When you first get started college, student loans may have seemed like a
gift to help you get through school. However, your gift was borrowed
money. I knew my student loans were borrowed money, but I never
thought about how I was going to pay them back. I just assumed that
when I got a grown-up job, the money I made would easily allow me to
make the payments every month without affecting my lifestyle in any
way. The debt crept up on me, one semester’s worth of loans at a time.
Some semesters my loans totaled around $1,000; other semesters I
totaled over $7,000 of borrowed money. After a bachelor’s degree and
two master’s degrees, I racked up $65,000 in student loan debt.
Even though it was consolidated at a low 4 percent interest rate,
it will still take 30 years to pay off, at $310 a month.
Those of us with mountains of student loan debt are not alone.

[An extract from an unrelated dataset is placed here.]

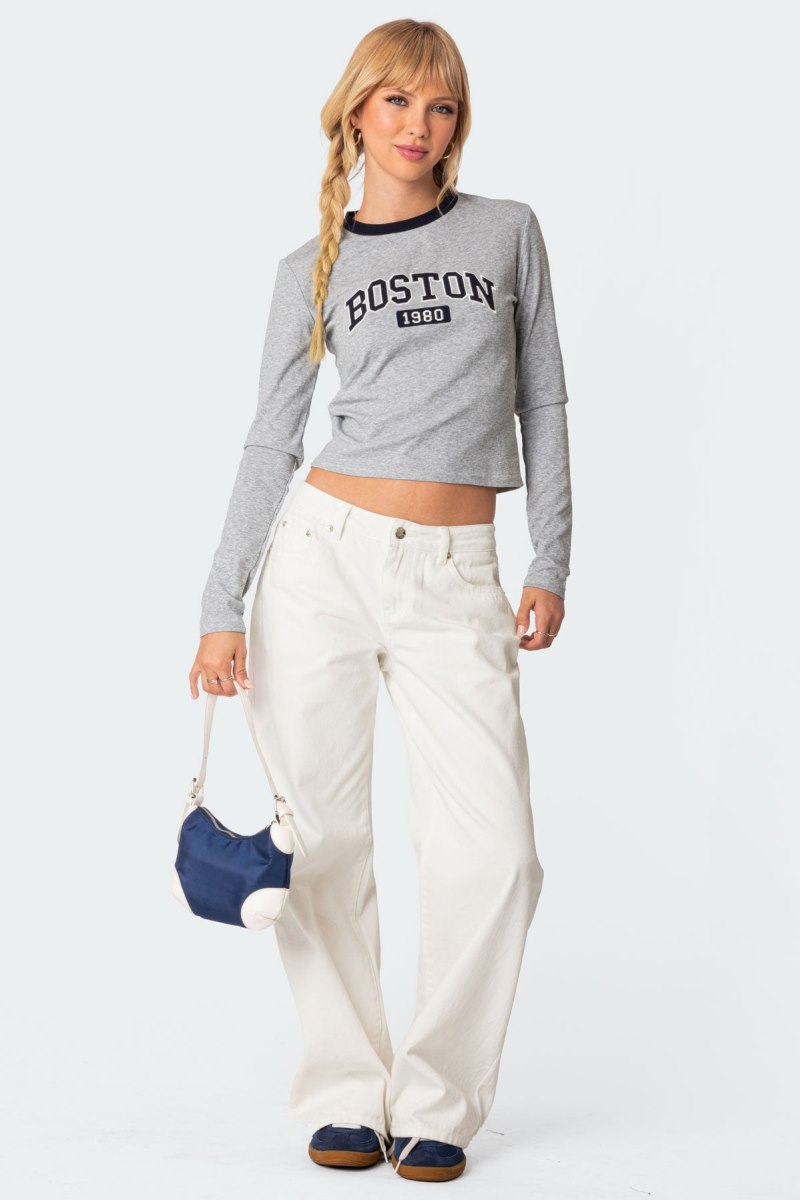 Edikted Boston Long Sleeve T Shirt Graphic Tops Gray Melange | USA NH324312G1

Based on data from the National Center for Education Statistics, there
are over one million graduates who have at least $40,000 in student
loan debt in the United States alone.
If everyone in this predicament who has 25- and 30-year loan terms
waited until these debts were paid off to start families, save for retirement,
or move out of their first apartments, no one would ever leave
their matchbox-sized apartment or get married!

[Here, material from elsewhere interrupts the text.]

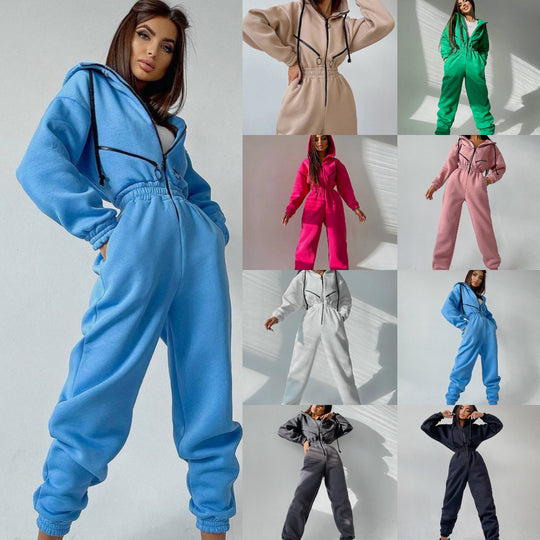 Damen taillierter Kapuzen-Jumpsuit mit elastischem Bund und markanten Kontrast-Reißverschlüssen Shop Nory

But most of us are not going to wait until middle age to start living
our lives, nor should we. Since we are going to have our student debt
around for up to 30 years, we need to learn to manage our payments
as another bill we have to pay, similar to an electric bill or a rent payment.
You can manage your student debt while maintaining a lifestyle
that is productive in the grand scheme of a financially secure future.